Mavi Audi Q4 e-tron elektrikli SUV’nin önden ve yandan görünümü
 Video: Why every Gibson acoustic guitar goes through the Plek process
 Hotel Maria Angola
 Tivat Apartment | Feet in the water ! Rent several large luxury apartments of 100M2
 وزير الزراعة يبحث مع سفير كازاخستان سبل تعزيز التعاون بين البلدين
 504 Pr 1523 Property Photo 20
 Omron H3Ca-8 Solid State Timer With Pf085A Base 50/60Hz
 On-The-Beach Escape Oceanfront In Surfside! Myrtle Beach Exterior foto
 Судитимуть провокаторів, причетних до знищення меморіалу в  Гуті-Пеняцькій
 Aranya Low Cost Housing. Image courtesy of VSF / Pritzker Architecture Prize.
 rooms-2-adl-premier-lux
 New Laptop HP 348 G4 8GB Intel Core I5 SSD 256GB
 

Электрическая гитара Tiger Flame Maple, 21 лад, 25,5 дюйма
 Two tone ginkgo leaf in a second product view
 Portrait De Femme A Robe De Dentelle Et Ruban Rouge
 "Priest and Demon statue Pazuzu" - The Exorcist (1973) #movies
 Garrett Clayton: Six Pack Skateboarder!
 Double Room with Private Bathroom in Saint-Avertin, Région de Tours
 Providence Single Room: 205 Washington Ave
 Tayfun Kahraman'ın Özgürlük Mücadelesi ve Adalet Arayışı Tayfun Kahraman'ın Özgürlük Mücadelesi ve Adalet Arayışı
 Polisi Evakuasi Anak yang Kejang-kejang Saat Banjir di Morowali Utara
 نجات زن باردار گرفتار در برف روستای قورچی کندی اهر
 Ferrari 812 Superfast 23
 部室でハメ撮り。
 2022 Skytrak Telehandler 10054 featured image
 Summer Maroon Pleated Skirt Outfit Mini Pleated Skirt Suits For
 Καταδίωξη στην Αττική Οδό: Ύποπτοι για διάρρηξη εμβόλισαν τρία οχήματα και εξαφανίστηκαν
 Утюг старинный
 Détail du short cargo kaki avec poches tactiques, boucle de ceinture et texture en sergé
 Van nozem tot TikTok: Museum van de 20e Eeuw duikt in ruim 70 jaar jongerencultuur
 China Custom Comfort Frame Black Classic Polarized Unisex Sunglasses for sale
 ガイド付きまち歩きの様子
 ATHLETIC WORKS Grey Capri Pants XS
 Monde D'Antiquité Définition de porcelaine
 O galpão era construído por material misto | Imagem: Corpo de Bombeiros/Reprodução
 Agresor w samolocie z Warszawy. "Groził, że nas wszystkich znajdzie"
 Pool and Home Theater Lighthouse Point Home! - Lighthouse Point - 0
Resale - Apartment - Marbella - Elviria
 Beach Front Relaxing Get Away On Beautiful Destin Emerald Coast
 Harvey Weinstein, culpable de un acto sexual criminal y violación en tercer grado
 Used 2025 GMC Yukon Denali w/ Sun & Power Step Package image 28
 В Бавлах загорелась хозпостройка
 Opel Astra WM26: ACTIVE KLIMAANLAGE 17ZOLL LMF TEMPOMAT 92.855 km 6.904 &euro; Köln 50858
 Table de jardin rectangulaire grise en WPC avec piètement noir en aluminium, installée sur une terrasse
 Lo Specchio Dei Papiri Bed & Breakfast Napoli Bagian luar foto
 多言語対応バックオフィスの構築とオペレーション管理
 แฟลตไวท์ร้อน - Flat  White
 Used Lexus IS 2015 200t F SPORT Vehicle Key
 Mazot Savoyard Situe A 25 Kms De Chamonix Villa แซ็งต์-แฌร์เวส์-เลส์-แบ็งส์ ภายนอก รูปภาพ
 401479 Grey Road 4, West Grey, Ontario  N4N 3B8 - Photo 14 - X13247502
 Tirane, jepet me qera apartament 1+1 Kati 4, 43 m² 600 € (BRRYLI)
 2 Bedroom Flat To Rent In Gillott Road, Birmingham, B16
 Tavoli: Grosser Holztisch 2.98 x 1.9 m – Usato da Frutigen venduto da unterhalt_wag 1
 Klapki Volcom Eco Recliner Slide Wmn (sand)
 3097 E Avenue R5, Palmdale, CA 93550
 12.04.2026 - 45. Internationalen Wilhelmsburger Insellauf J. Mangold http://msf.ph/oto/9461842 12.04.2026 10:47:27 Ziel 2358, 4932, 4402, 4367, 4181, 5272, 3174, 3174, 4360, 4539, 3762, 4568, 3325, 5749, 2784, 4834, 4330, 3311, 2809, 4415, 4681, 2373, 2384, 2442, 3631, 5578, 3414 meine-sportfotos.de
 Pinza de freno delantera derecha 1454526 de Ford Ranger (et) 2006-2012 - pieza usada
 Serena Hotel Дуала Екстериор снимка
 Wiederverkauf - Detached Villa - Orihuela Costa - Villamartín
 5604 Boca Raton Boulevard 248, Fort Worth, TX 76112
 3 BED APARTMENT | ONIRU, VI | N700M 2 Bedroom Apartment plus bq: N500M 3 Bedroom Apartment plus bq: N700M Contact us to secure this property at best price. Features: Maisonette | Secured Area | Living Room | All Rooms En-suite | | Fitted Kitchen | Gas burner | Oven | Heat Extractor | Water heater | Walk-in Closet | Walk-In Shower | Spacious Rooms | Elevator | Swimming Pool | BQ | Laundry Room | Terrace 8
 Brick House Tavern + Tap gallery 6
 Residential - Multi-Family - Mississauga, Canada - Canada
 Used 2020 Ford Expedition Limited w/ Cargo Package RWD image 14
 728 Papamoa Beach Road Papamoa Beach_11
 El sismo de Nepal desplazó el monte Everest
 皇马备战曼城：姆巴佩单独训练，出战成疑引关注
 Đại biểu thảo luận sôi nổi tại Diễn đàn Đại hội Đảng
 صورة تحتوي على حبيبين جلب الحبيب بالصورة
----------------------------------------
Work item ::
Find the word "Beach" in the records, and report each line that has it.

Solved exercise ::
 On-The-Beach Escape Oceanfront In Surfside! Myrtle Beach Exterior foto
 Beach Front Relaxing Get Away On Beautiful Destin Emerald Coast
 728 Papamoa Beach Road Papamoa Beach_11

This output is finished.